Source information Start Marker

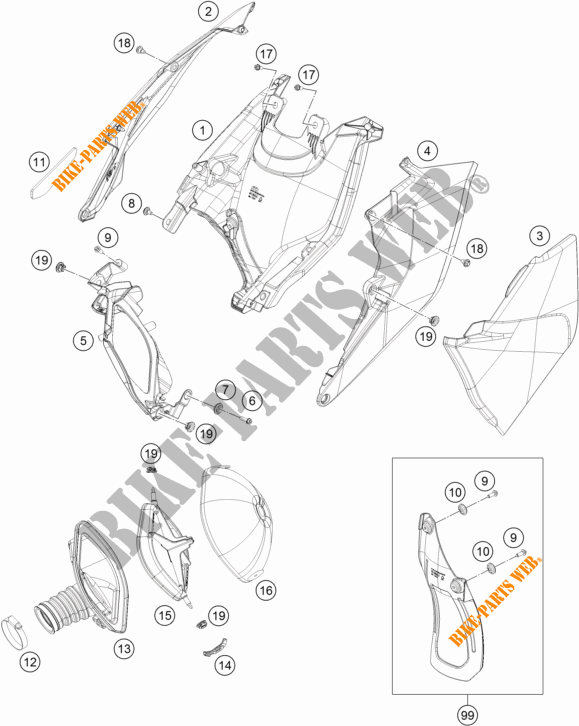 LUCHTFILTER voor KTM 450 XC-F 2018
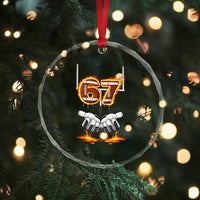 American Football Six Seven Meme Crystal Glass Ornament Fire Flame Drip - Wonder Print Shop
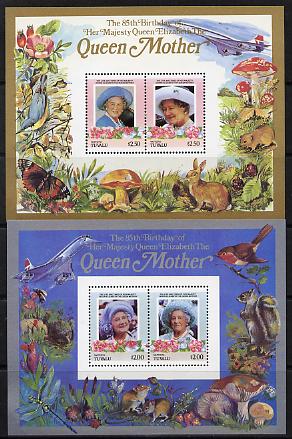 Tuvalu - Vaitupu 1985 Life & Times of HM Queen Mother (Leaders of the World) the set of 2 m/sheets containing 2 x $2.00 and 2 x $2.50 values (depicts Concorde, Fungi, But..., stamps on animals, stamps on aviation, stamps on birds, stamps on butterflies, stamps on fungi, stamps on royalty, stamps on queen mother, stamps on concorde, stamps on aviation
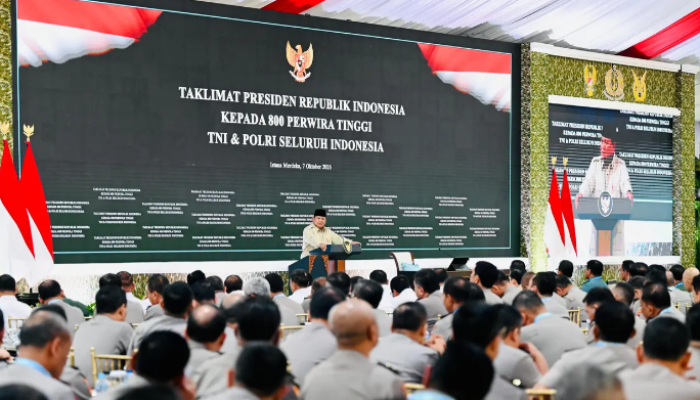 Prabowo Beri Taklimat 800 Pati TNI-Polri, Tekankan Kondisi Strategis Indonesia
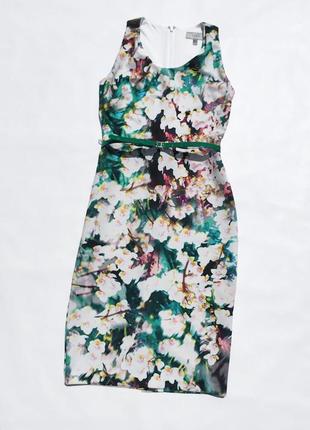 Цветочное плотное платье с поясом coast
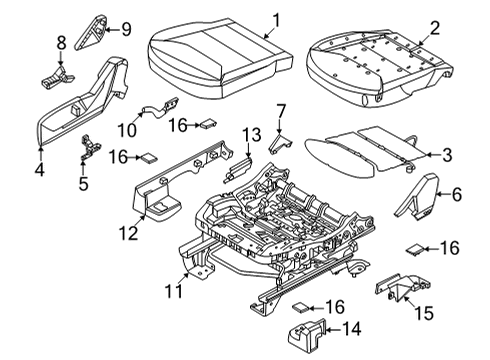 2023 Ford Maverick COVER ASY - SEAT CUSHION Diagram for NZ6Z-6062900-AA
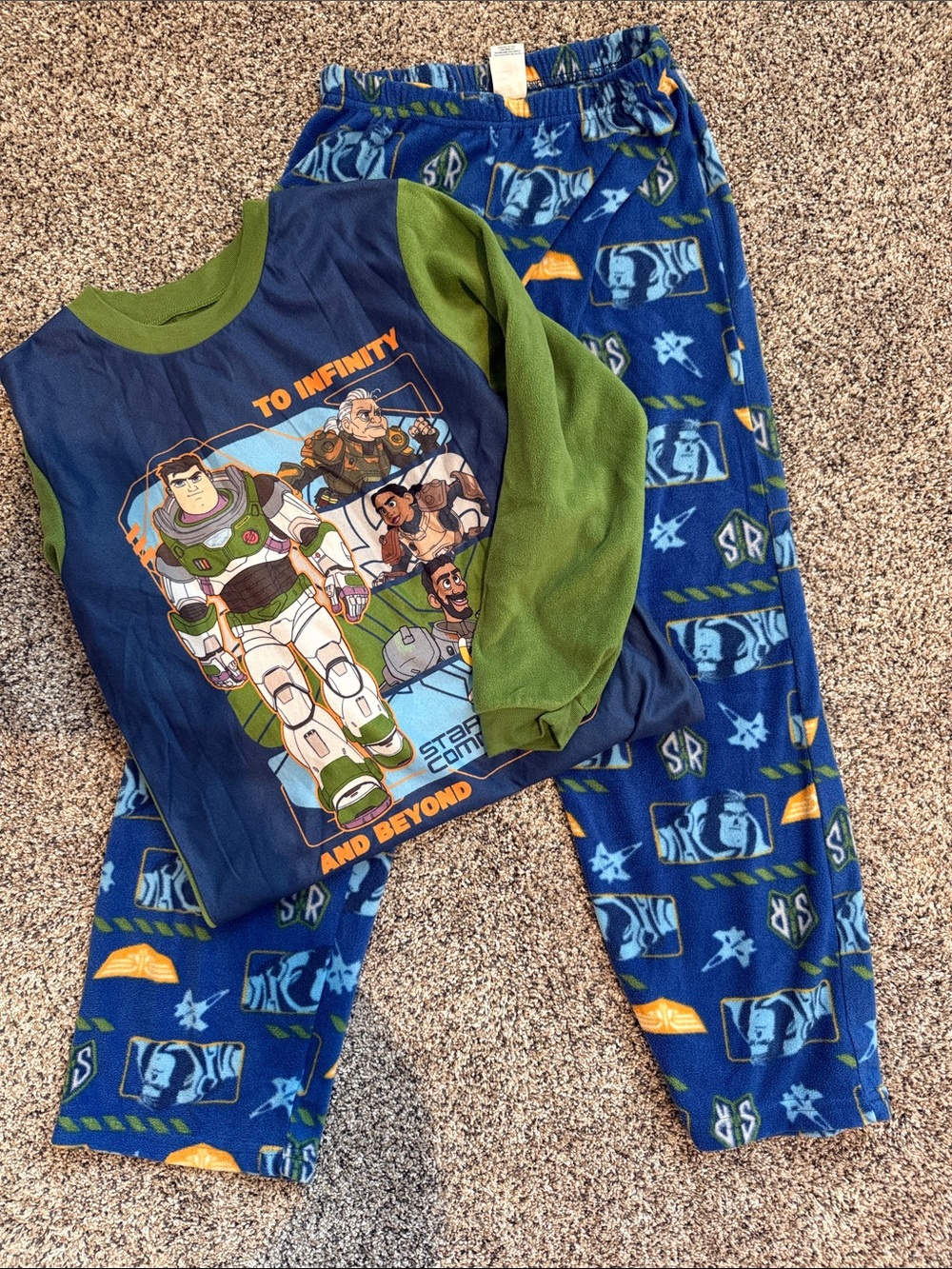 Toy Story Buzz Lightyear Fleece Boys Pajama Set - Navy & Green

Source information End Marker

> Required work: Final task for the records above: print exactly the lines from the one that contains "American Football Six" through the last line, both ends included, pictures excluded.

> Output of the exercise:
 American Football Six Seven Meme Crystal Glass Ornament Fire Flame Drip - Wonder Print Shop
 Tuvalu - Vaitupu 1985 Life & Times of HM Queen Mother (Leaders of the World) the set of 2 m/sheets containing 2 x $2.00 and 2 x $2.50 values (depicts Concorde, Fungi, But..., stamps on animals, stamps on aviation, stamps on birds, stamps on butterflies, stamps on fungi, stamps on royalty, stamps on queen mother, stamps on concorde, stamps on aviation
 Prabowo Beri Taklimat 800 Pati TNI-Polri, Tekankan Kondisi Strategis Indonesia
 Цветочное плотное платье с поясом coast
 2023 Ford Maverick COVER ASY - SEAT CUSHION Diagram for NZ6Z-6062900-AA
 Toy Story Buzz Lightyear Fleece Boys Pajama Set - Navy & Green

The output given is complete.